Pyrefly catches shape errors through function signatures and return types
regardless.
assert_type forces evaluation of its type argument at runtime, so a file
with assert_type calls will crash if executed. This is fine during
development (you run pyrefly check, not the file itself) — just remove
them when the port is done.
When to use
- During porting, after key shape-changing operations (reshapes, convolutions, matmuls)
- As regression guards for complex shape computations
In practice, pyrefly shows inferred shapes as inlay type hints in your
editor, so you can verify shapes visually. Use assert_type at key
checkpoints where you want a permanent regression guard.
reveal_type
reveal_type(expr) prints the inferred type of expr during type checking.
Use it to understand what pyrefly infers before writing assert_type:
h = self.fc1(x)
reveal_type(h) # Revealed type: Tensor[B, 512]
Replace reveal_type with assert_type once you know the expected type.
Type-level arithmetic
Annotations can contain arithmetic on type parameters and literals:
| Expression | Example |
|---|---|
| Addition | Tensor[B, C1 + C2, H, W] — concatenation |
| Subtraction | Tensor[B, T, D - 1] |
| Multiplication | Tensor[B, NHead * DK] — multi-head reshape |
| Floor division | Tensor[B, NHead, T, D // NHead] |
| Exponentiation | Tensor[B, C * 2 ** I, H // 2 ** I] |
Simplification rules
The type checker automatically simplifies expressions:
2 * C // 2→C(H - 1) * 2 + 2→H * 2(a * b) // b→a(sound for all positive integers)
Known limitations
N * (X // N) does not simplify to X — floor division loses the
remainder, so the equivalence only holds when X is divisible by N.

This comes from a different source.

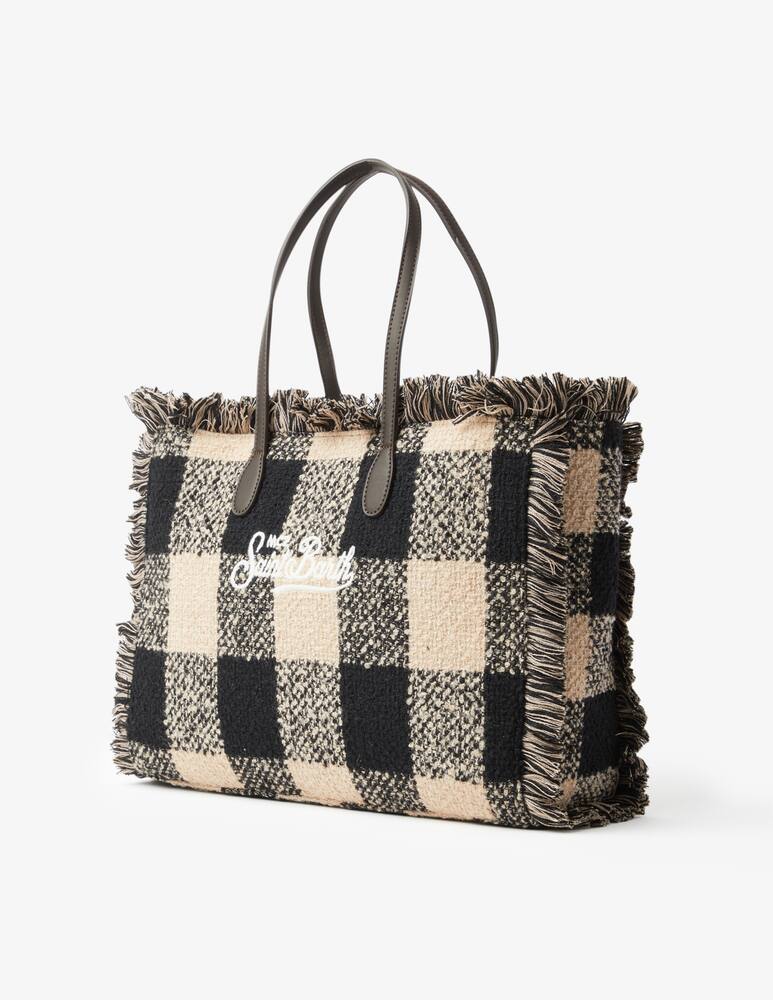 rinascente MC2 Saint Barth Vanity tote bag - Brown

The checker can't assume this. Common instances:
- Multi-head reassembly:
NHead * (D // NHead)— usetype: ignore - BiLSTM output:
2 * (D // 2)— usetype: ignore
Annotation hierarchy
When annotating local variables, choose from most to least desirable:
assert_type— verifies the checker's inference. Proves the system works, not just that you annotated correctly.- Annotation fallback —
x: Tensor[B, C, H, W] = untracked_op(...). The checker can't infer the shape, but the annotation is compatible. Document WHY. type: ignore— the checker produces a WRONG type (algebraic gap). Last resort. Always include a comment explaining the specific gap.- Bare
Tensor— shape genuinely unknowable (data-dependent token counts, conditional accumulation). Document the specific reason.
Jaxtyping compatibility
Pyrefly supports jaxtyping annotations as an alternative front-end:
| Pyrefly native | Jaxtyping equivalent |
|---|---|
Tensor[M, 2, M // 2] | Shaped[Tensor, "M 2 M//2"] |
Tensor[B, C, H, W] | Shaped[Tensor, "B C H W"] |
Jaxtyping annotations are translated internally to generics and display back in jaxtyping syntax. Note that jaxtyping cannot share symbolic dimensions across class boundaries — see the overview for details.